On November 7, the US Supreme Court again declined to say whether it will hear the Texas redistricting case (can a state redistrict congressional districts in the middle of the decade for partisan reasons?). The case is now on conference for November 10, with results to be announced November 14.
A Maxon-Dixon Poll released November 4 shows the Democratic nominee for Governor of Virginia with 45%, the Republican nominee with 44%, and independent Russell Potts at 4%.
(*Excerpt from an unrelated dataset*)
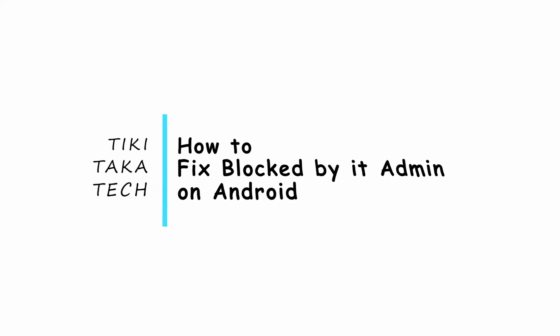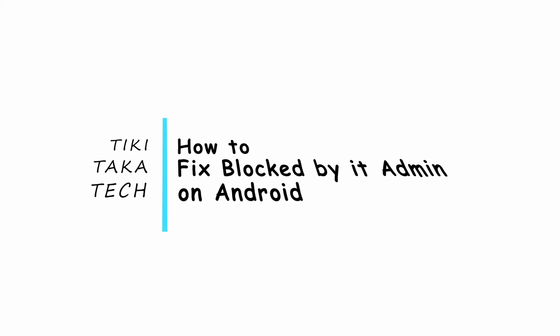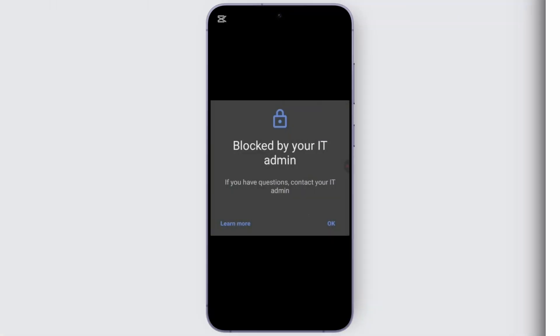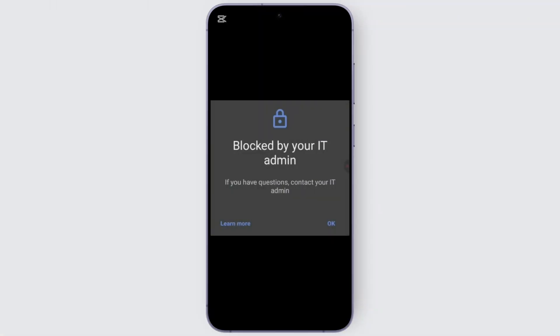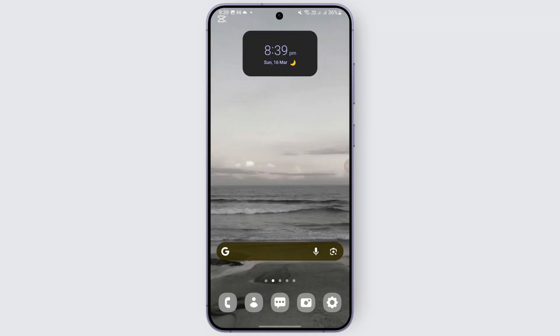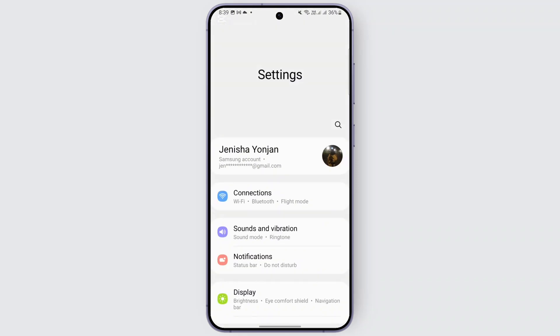How to fix 'blocked by your IT admin' in Android. Hi everybody, if you're getting this kind of notification on your screen when you're trying to open up the settings of your device, these are the methods you can follow.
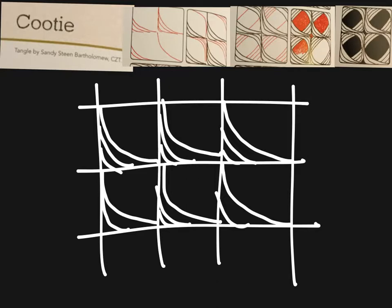Once you have them all in one side, we're going to do the opposite side.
The Oregon Secretary of State has tentatively decided to issue a regulation that would injure independent candidates. Earlier this year, the legislature passed HB 2614, which says that it is illegal for a voter to nominate more than a single candidate for the November election. HB 2614 did not say what is to be done if a voter signs an independent candidate’s petition and then votes in the primary. The Secretary of State is about to issue a regulation saying, in that case, the signature is invalid but the later act of voting in the primary is legal.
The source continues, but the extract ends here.